Aim of the task. Repeat the listing below in full and exactly, but without its pictures.

Given records.
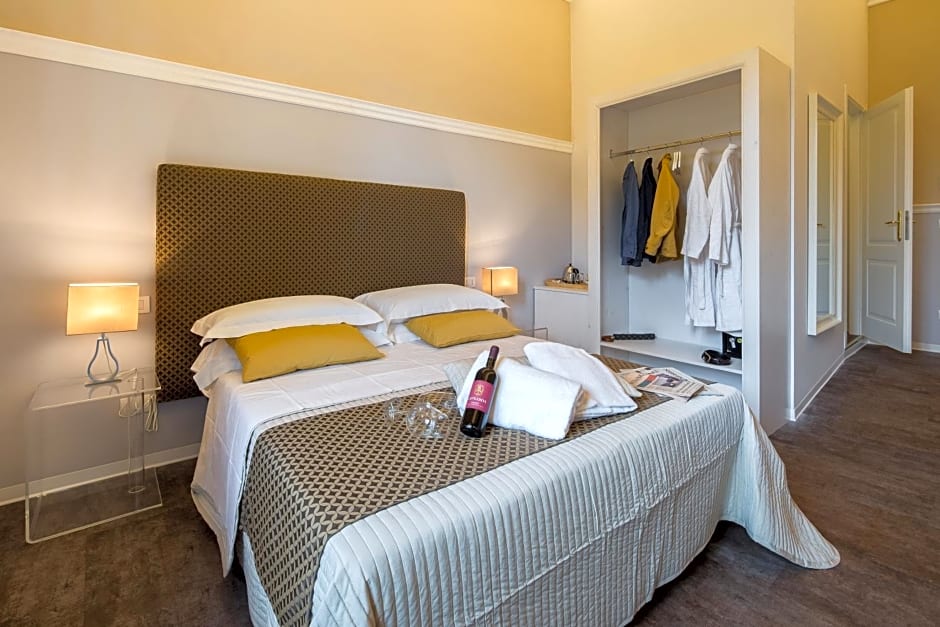 B&B Residenza San Gallo 79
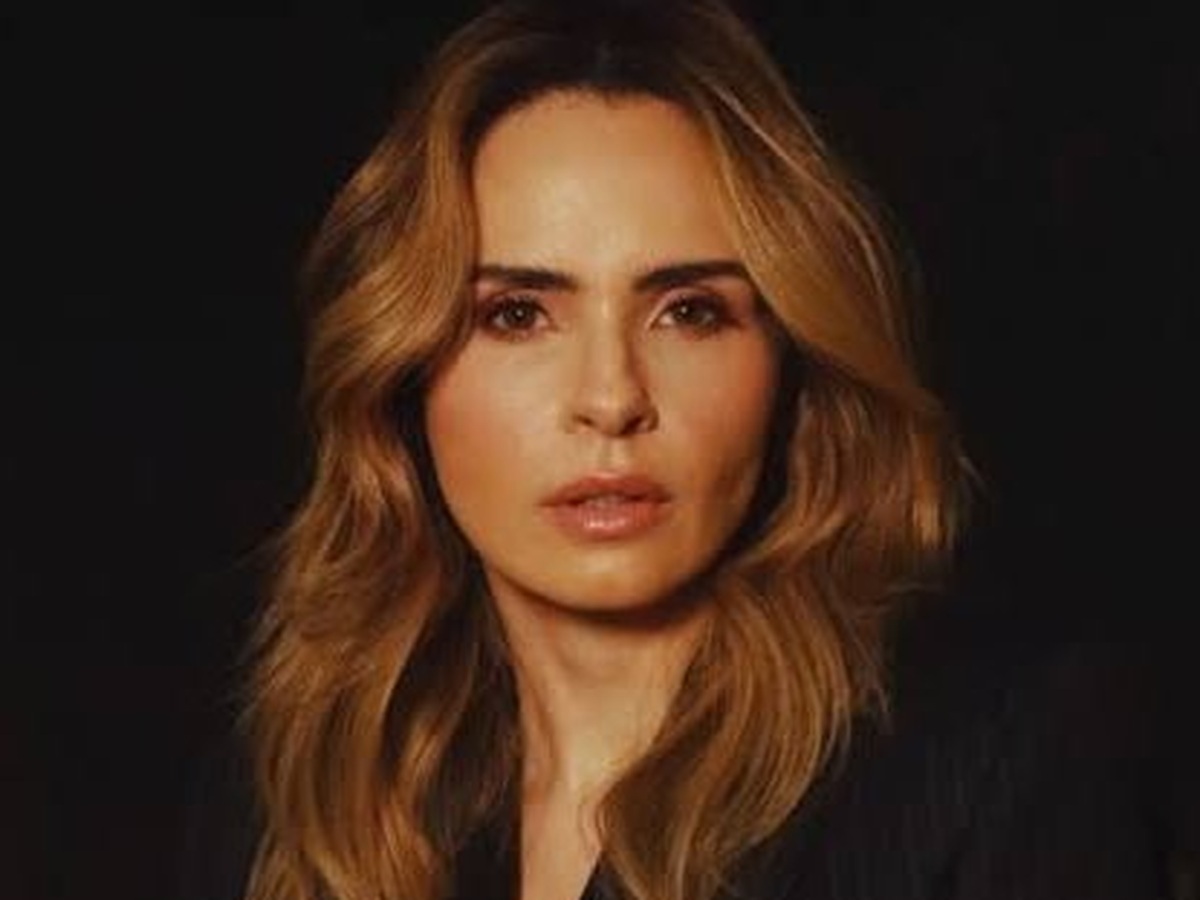 Ana Paula Renault e Ana Paula: Ana Paula Renault rebate críticas após comparação com coach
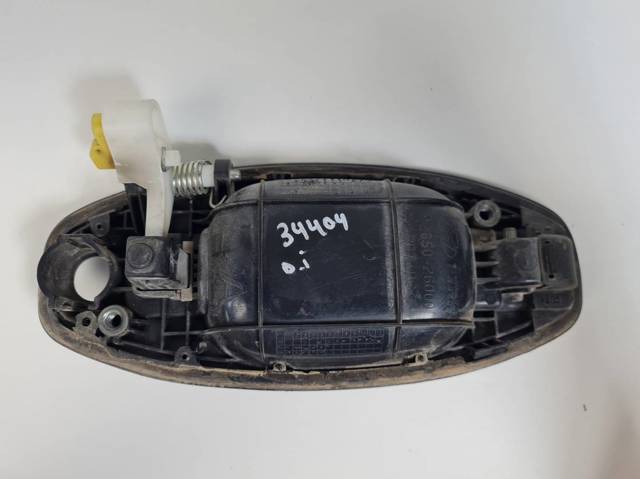 8265026000 Hyundai/Kia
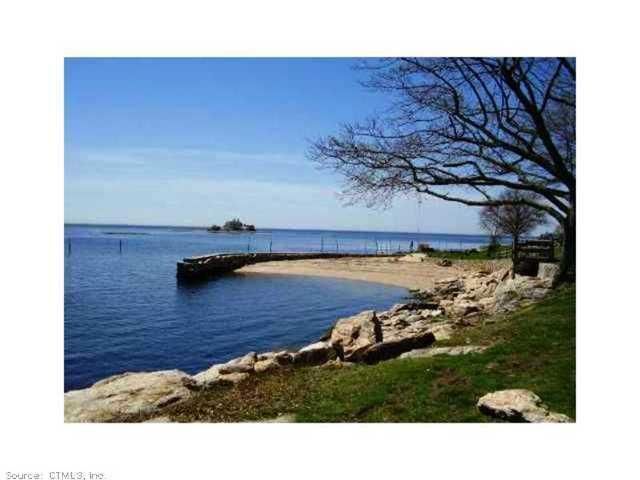207 Linden Avenue, Branford, CT 06405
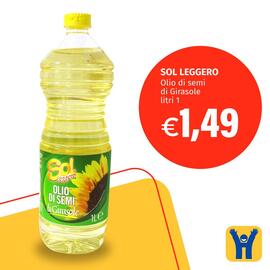 Volantino Hurrà settimana 49 Pagina 3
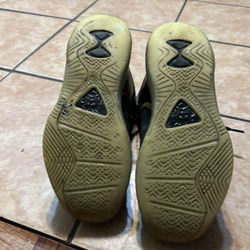 Nike LeBron Space Jam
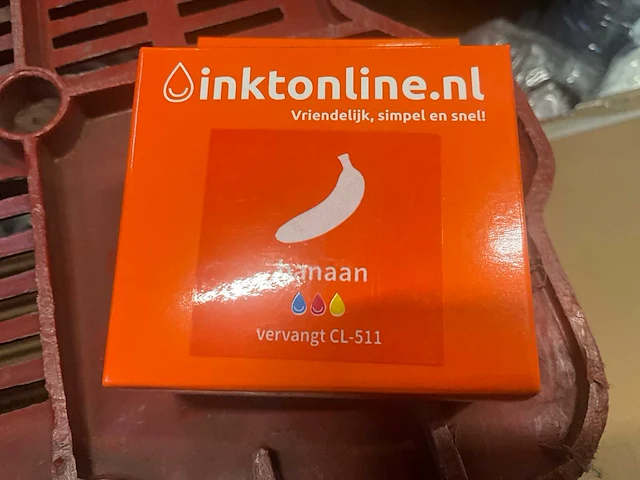 Inkt online inktjet patronen (1441x) - afbeelding 8 van  15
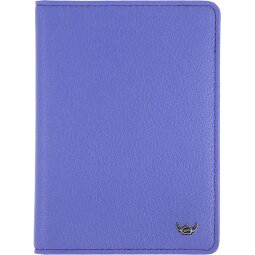 Golden Head Madrid Ausweisetui RFID Leder 9 cm  Variante 3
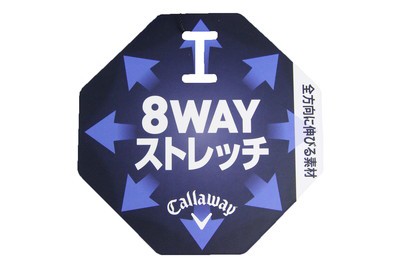 【送料無料】ブルゾン メンズ キャロウェイ アパレル Callaway APPAREL 2024 秋冬 新作 ゴルフウェア c24215102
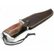 WT - Rambo Style Kniv med Premium Lærslire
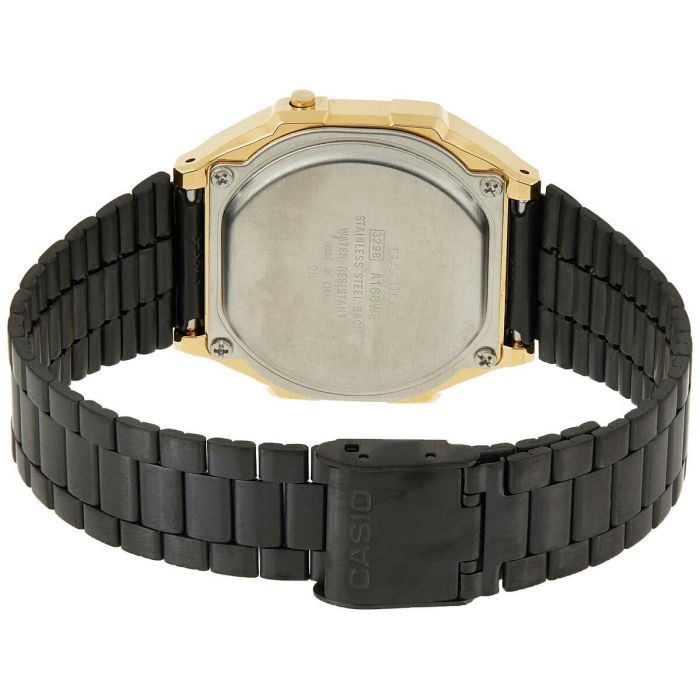 Reloj Unisex Casio VINTAGE (Ø 36 mm) (Ø 39 mm) 2 Reloj Unisex Casio VINTAGE (Ø 36 mm) (Ø 39 mm) 2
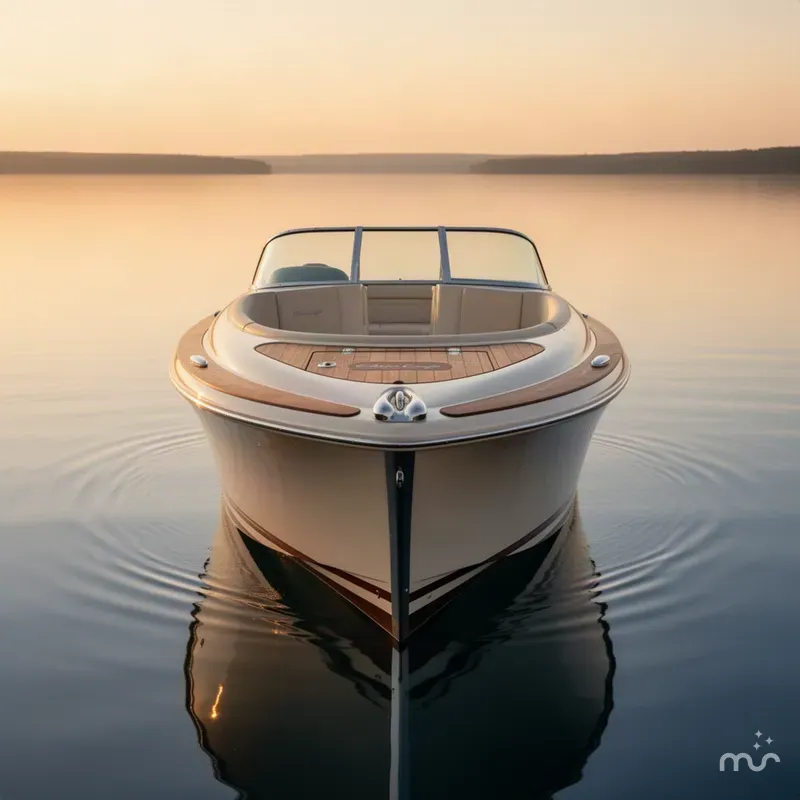Slide: The Image of Chris-Craft Launch 27 2023 - 1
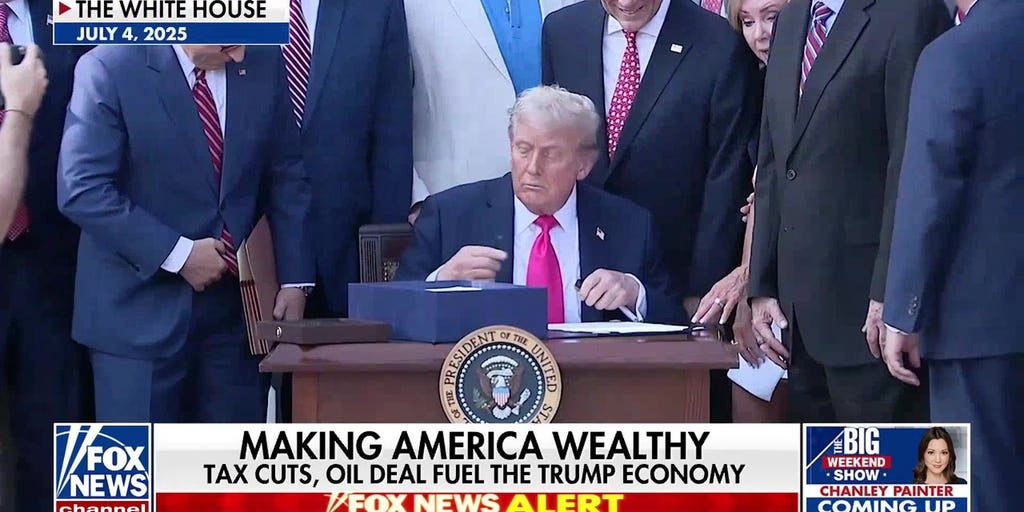 Iran was preparing to launch ‘Armageddon,’ Rep Tim Burchett says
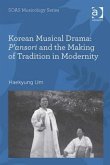 Korean Musical Drama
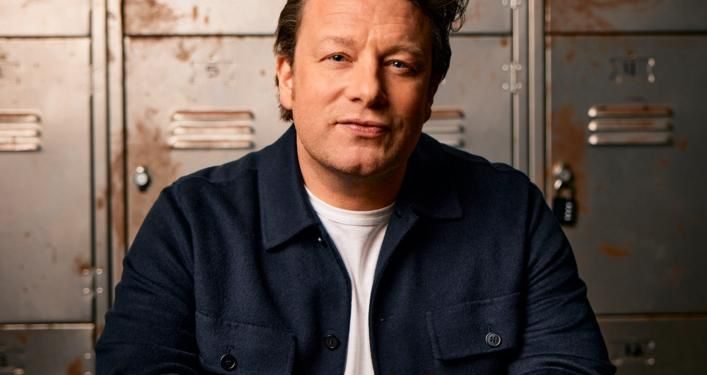 Renowned chef Jamie Oliver visits Georgia on a gastronomic tour of the country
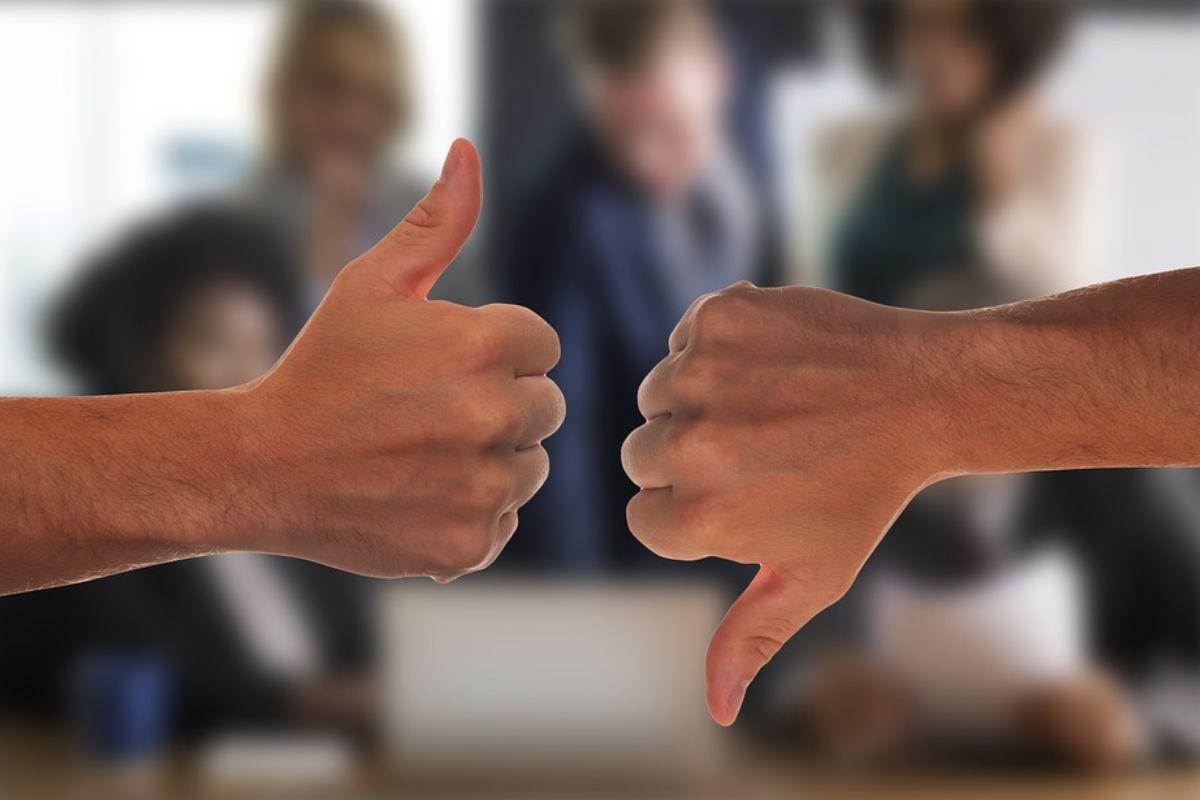 Bič na obchodné reťazce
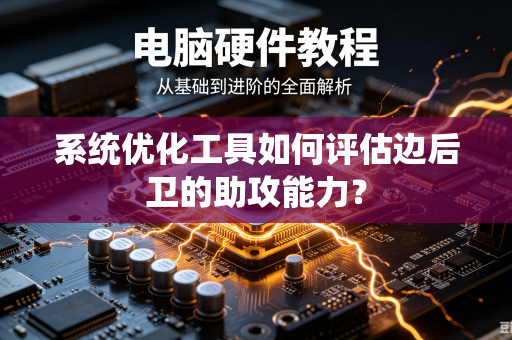 系统优化工具如何评估边后卫的助攻能力？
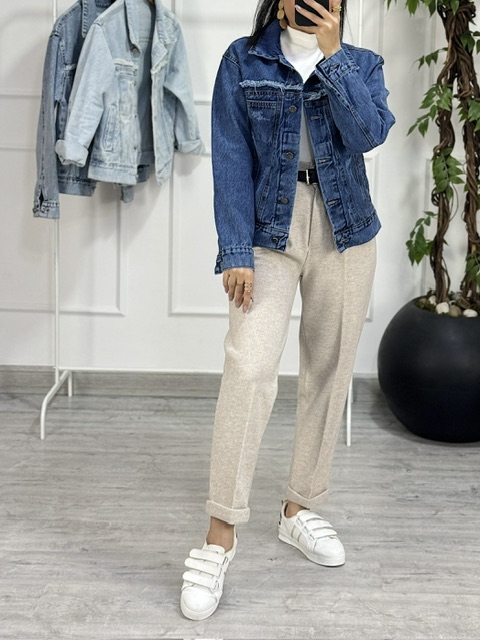 کت جین مانیا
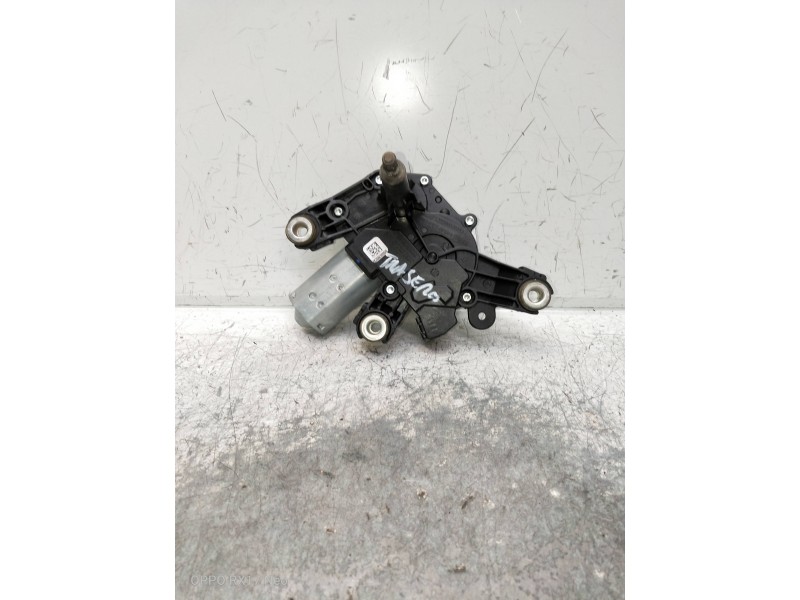 Recambio de motor limpia trasero para nissan qashqai (j11) referencia OEM IAM 287104EL0A W00053268 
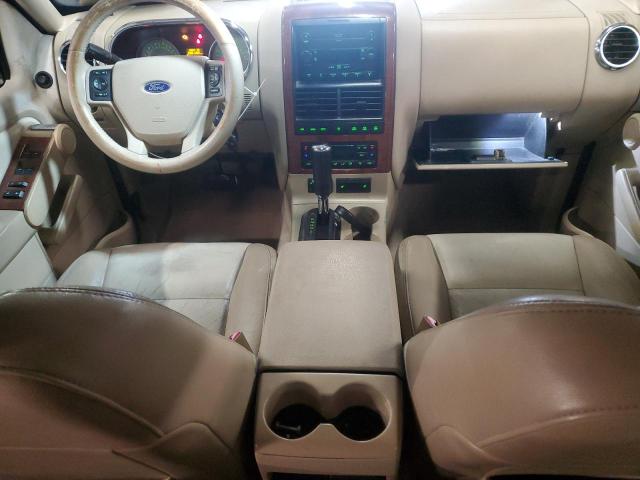 Photo 8 from auction – 2006 FORD EXPLORER E with VIN 1FMEU74E96UB46063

Answer below.
 B&B Residenza San Gallo 79
 Ana Paula Renault e Ana Paula: Ana Paula Renault rebate críticas após comparação com coach
 8265026000 Hyundai/Kia
207 Linden Avenue, Branford, CT 06405
 Volantino Hurrà settimana 49 Pagina 3
 Nike LeBron Space Jam
 Inkt online inktjet patronen (1441x) - afbeelding 8 van  15
 Golden Head Madrid Ausweisetui RFID Leder 9 cm  Variante 3
 【送料無料】ブルゾン メンズ キャロウェイ アパレル Callaway APPAREL 2024 秋冬 新作 ゴルフウェア c24215102
 WT - Rambo Style Kniv med Premium Lærslire
 Reloj Unisex Casio VINTAGE (Ø 36 mm) (Ø 39 mm) 2 Reloj Unisex Casio VINTAGE (Ø 36 mm) (Ø 39 mm) 2
Slide: The Image of Chris-Craft Launch 27 2023 - 1
 Iran was preparing to launch ‘Armageddon,’ Rep Tim Burchett says
 Korean Musical Drama
 Renowned chef Jamie Oliver visits Georgia on a gastronomic tour of the country
 Bič na obchodné reťazce
 系统优化工具如何评估边后卫的助攻能力？
 کت جین مانیا
 Recambio de motor limpia trasero para nissan qashqai (j11) referencia OEM IAM 287104EL0A W00053268 
 Photo 8 from auction – 2006 FORD EXPLORER E with VIN 1FMEU74E96UB46063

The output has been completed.